Use Auto Embedding for querying but not for indexing

alihassan0 commented 1 year ago

Description

we were trying auto embedding on a new collection but it was using way too much of the server resources and eventually caused the server to crash.

I was thinking to use the same model for embedding the data before indexing. and then typesense will only need to generate embeddings for the query on runtime.

I tried multiple solutions to do this yet there doesn't seem to be a way to have the schema use an already generated embeddings and internally generate embeddings for the query.

Steps to reproduce

clone https://github.com/typesense/typesense-instantsearch-semantic-search-demo
update the schema to auto embed the vectors db. just remove the from field for example.

Expected Behavior

you are able to query the collection normally with auto generated embedded for the query.

Actual Behavior

the schema will not be accepted and will still need to generate embedding automatically on the server

Metadata

Typesense Version: 0.25.1

OS: ubunto

jasonbosco commented 1 year ago

If you have an auto-embedding field in an empty collection, and then import documents with the same embedding field already set in your documents, then Typesense won't regenerate embeddings for those documents.

Then when you send a search query, only the query will use the built-in embedding model.

alihassan0 commented 1 year ago

Thanks a lot for the suggestion .. we tried this and it seemed to work.

I wonder if there could be an alternative solution to generate the embedding though that doesn't require the to spawn a full typesense server. but I am not sure how to do it exactly !

jasonbosco commented 1 year ago

alternative solution to generate the embedding though that doesn't require the to spawn a full typesense server

You could use a Python script like this to generate embeddings externally.

alihassan0 commented 1 year ago

I have tried using this route as well.. but I wasn't able to figure out how to use the same hugging face model in the python script. I have trying using it like this

model = SentenceTransformer('all-MiniLM-L12-v2')

but it produces totally different embeddings. any idea how to fix this ?

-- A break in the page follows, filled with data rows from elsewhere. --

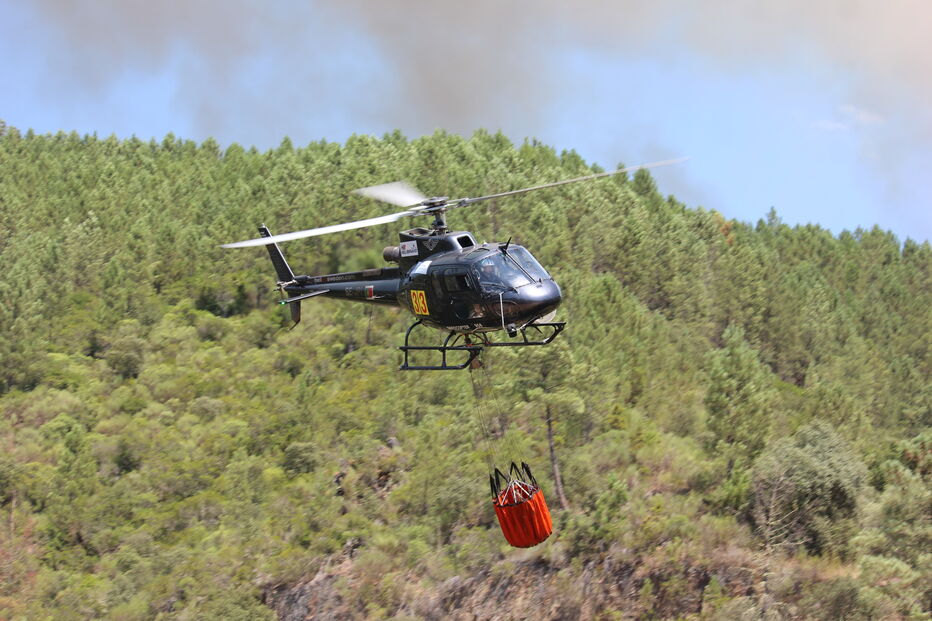 2020-08-06_17_06_30 IMG_1385.JPG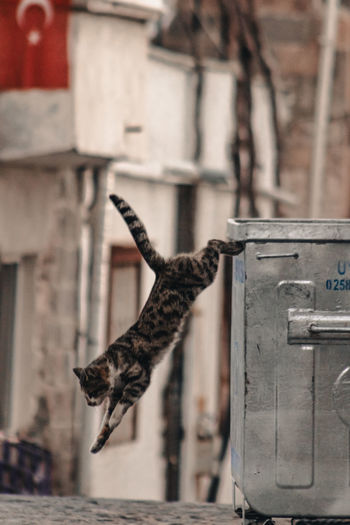 View of a cat hanging from metal structure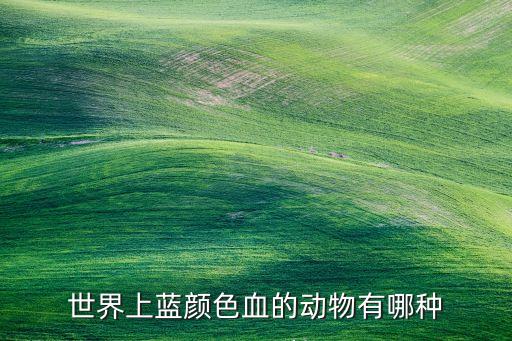 蓝血动物，什么动物血是蓝的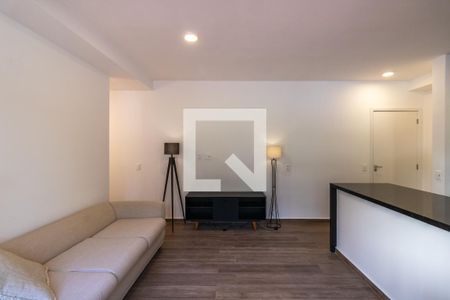 Sala de apartamento para alugar com 2 quartos, 59m² em Vila Suzana, São Paulo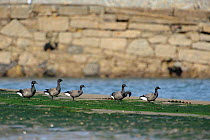 Dark bellied brent geese (Branta bernicla) in a family group in a harbour at low tide. Menai Straits, Gwynedd, North Wales, UK, October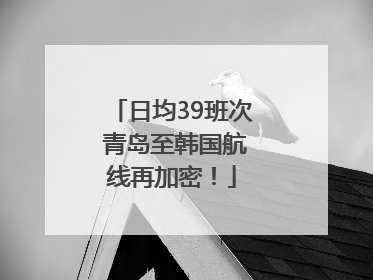 日均39班次 青岛至韩国航线再加密！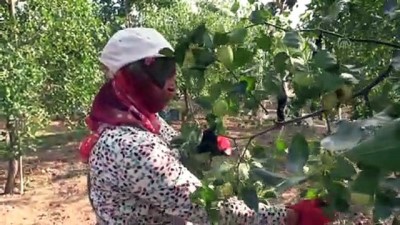 Hünnap üretimin artırılması hedefleniyor - AMASYA 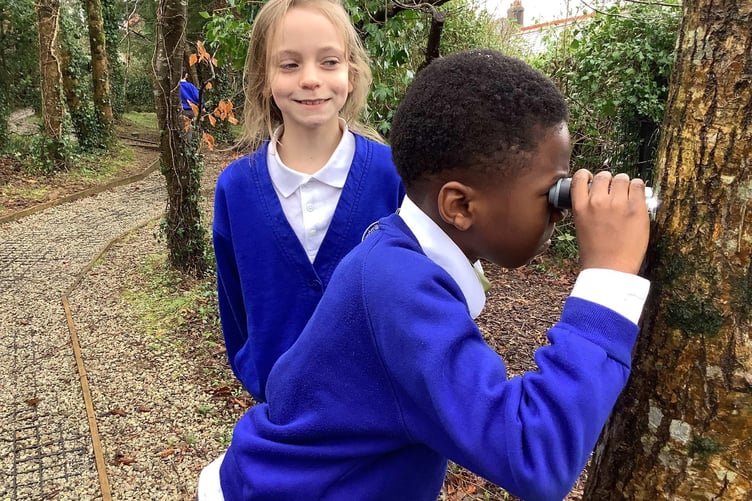 Launceston Windmill Hill sustainability project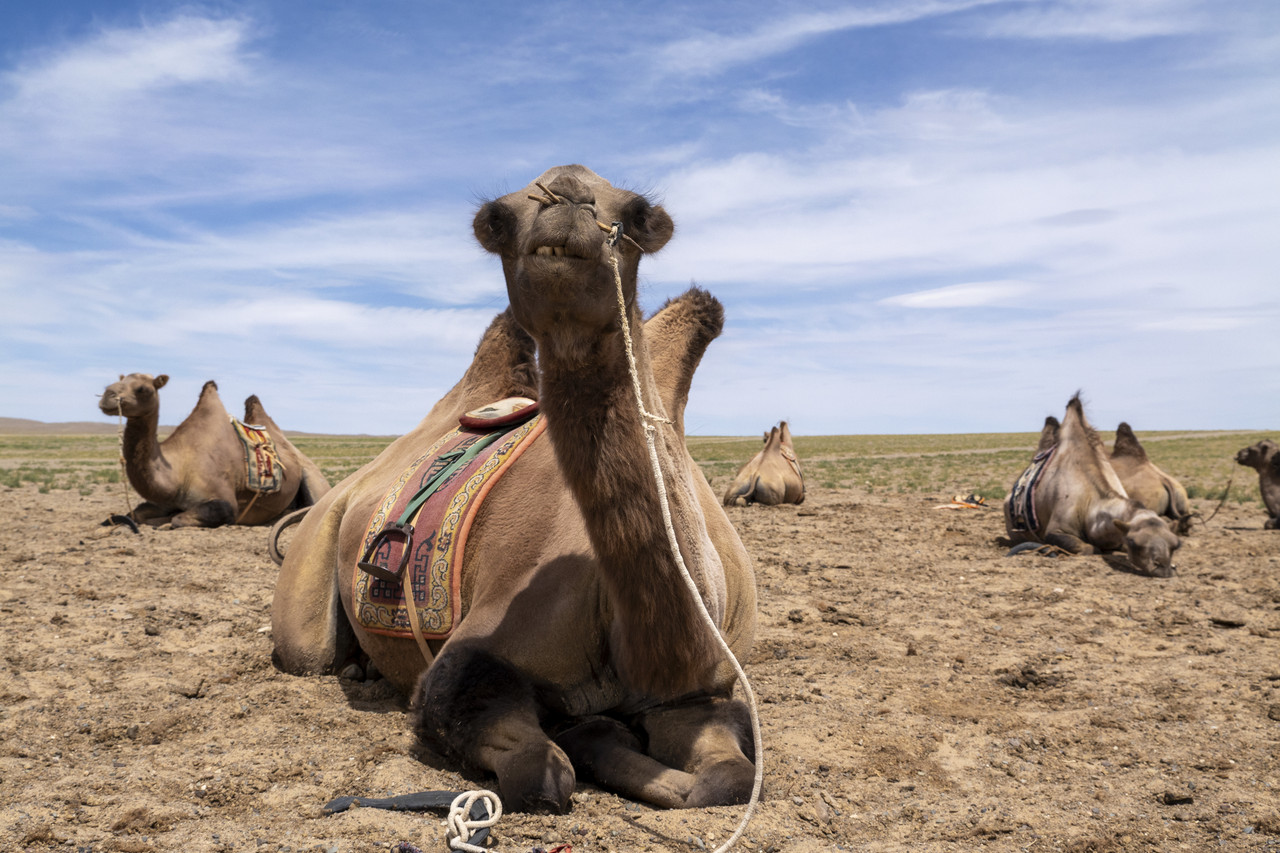 Día 7: Gobi III - De Moscú a Pekín: Mongolia (4)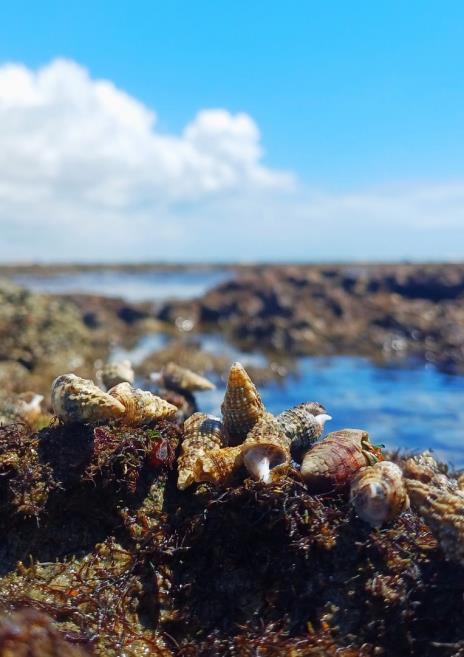 whatsapp image 2025-11-29 at 10.22.09 (2).jpeg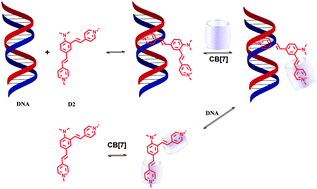 Graphical abstract: Interaction of a hemicyanine dye and its derivative with DNA and cucurbit[7]uril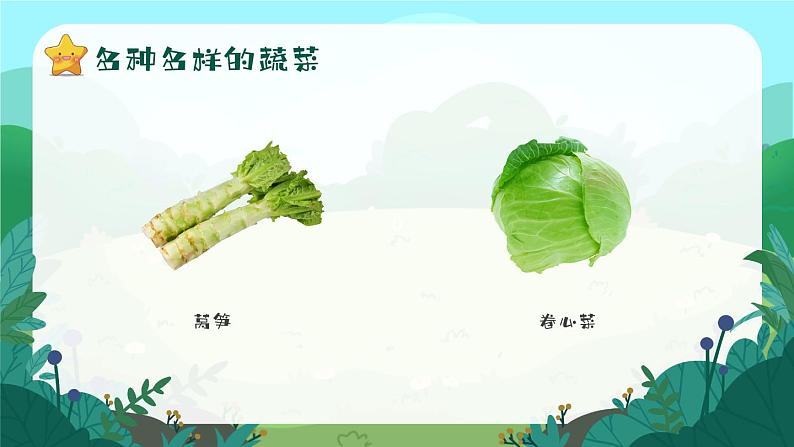 5第五周：认识各种蔬菜主题班会（课件）第6页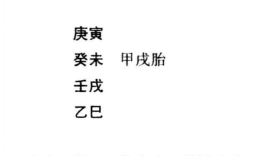 辛酉纳音木，癸酉纳音金，同宫战斗，刑于本身，就家降鬼，为鬼所制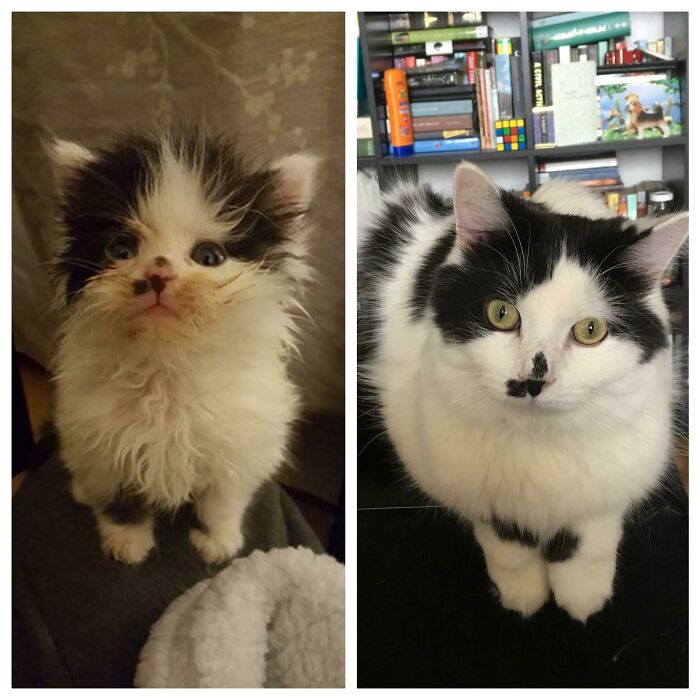 Before and after photos of rescued pets: a small, scruffy kitten with a distinctive nose spot grows into a fluffy, healthy cat.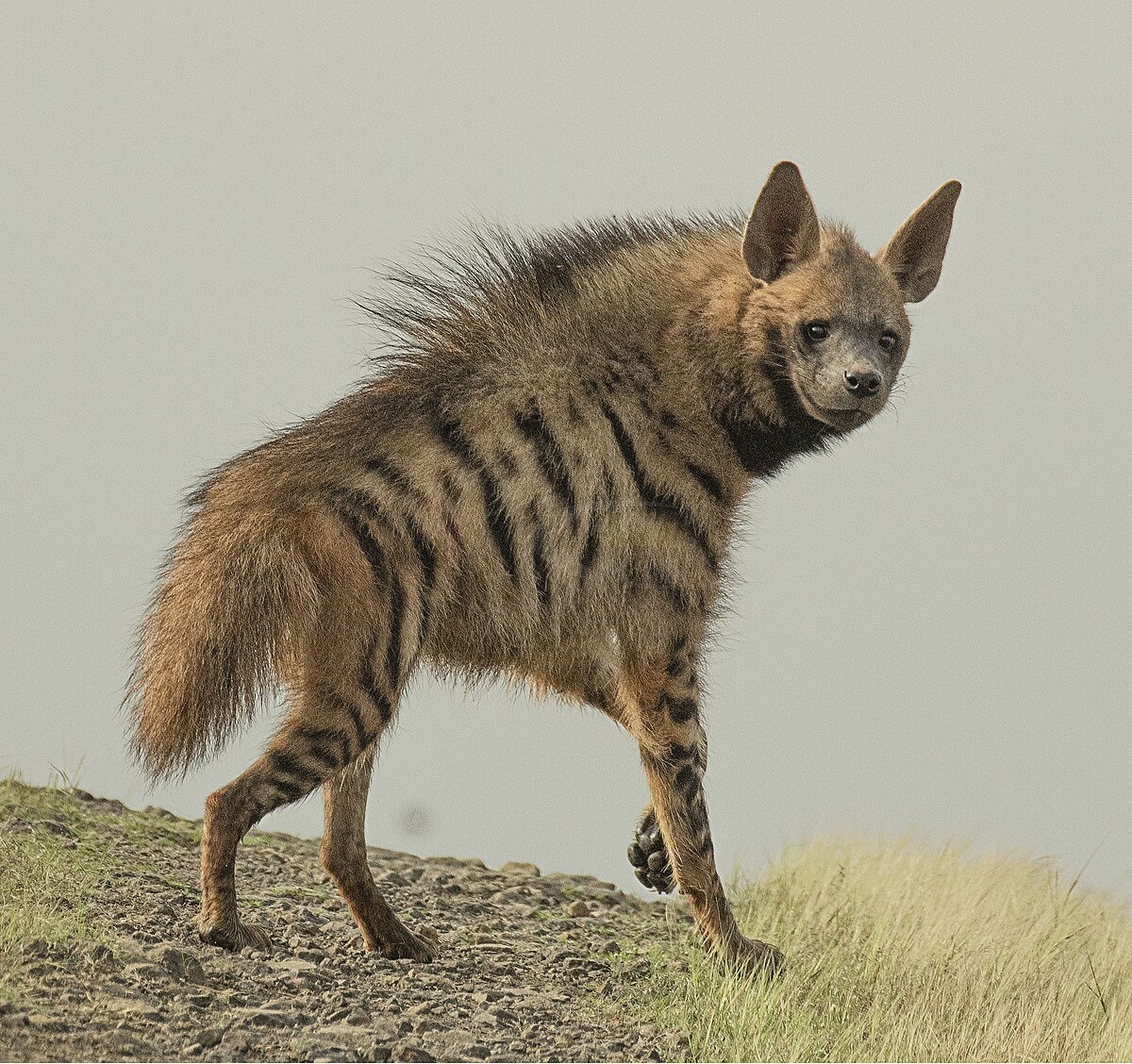 Hyena žíhaná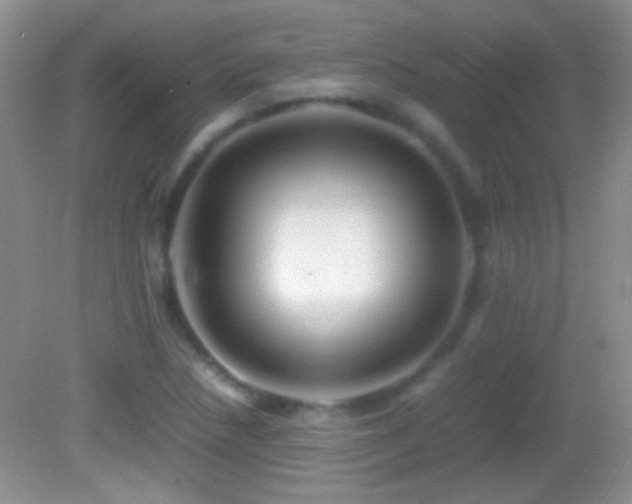X0000082721218200701261210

alihassan0 commented 1 year ago

Hello @jasonbosco ,

I tried a few more things and I still can't get it product similar embeddings. can you should some light on how to replicate embedding generation similar to typesense auto embeddings but without spawning a typesense instance ?

jasonbosco commented 1 year ago

but it produces totally different embeddings. any idea how to fix this ?

Could you elaborate on this? Any model will generate a set of floating point numbers for vectors, so it would be hard to tell which model was used to generate embeddings, just by looking at the vectors generated.

Could you share the exact code you're using and describe the problem you're running into, with one sample record?

xaptronic commented 11 months ago

I ran into the same problem where generating embeddings using SentenceTransformer in python resulted in a vector that looks quite dissimilar from a vector generated using autoembeddings with the same model in typesense. Here's my reproduction:

from sentence_transformers import SentenceTransformer
import typesense

test_doc = {
   "id": "test",
   "title": "Fancy Document",
   "content": "hello world",
}

model = SentenceTransformer('sentence-transformers/all-MiniLM-L12-v2')
test_doc["embedding"] = model.encode(test_doc["content"])

client = typesense.Client(
    {
        "api_key": "abc",
        "nodes": [{"host": "localhost", "port": "8108", "protocol": "http"}],
        "connection_timeout_seconds": 30,
    }
)

schema = {
    "name": "test",
    "fields": [
        {"name": "title", "type": "string"},
        {"name": "content", "type": "string"},       
        {"name": "embedding", "type": "float[]", "num_dim": 384},
        {
            "name": "autoembedding",
            "type": "float[]",
            "embed": {
                "from": ["content"],
                "model_config": {"model_name": "ts/all-MiniLM-L12-v2"},
            },
        },
    ],
}

collection = client.collections.create(schema)
collection.documents.create(test_doc)
doc = collection.documents["test"].retrieve()

doc["embedding"][0:10]
# [-0.07597321271896362, -0.005261972080916166, 0.011456318199634552, -0.06798461079597473, -0.0030688385013490915, -0.18362320959568024, 0.06599248945713043, 0.0294693261384964, -0.05323604866862297, 0.08215268701314926]

doc["autoembedding"][0:10]
# [-0.3613221049308777, -0.025025347247719765, 0.05448530614376068, -0.3233288526535034, -0.014595293439924717, -0.8732964992523193, 0.3138545751571655, 0.14015333354473114, -0.2531859576702118, 0.3907110095024109]

If I use autoembeddings for indexing and querying, I have observed that I get similar search results compared to if I do compute embeddings with sentence-transformer for both doc and query - so it seems the results are "correct", but the embeddings do not seem to be interchangeable between typesense generated vs sentence-transformers in python.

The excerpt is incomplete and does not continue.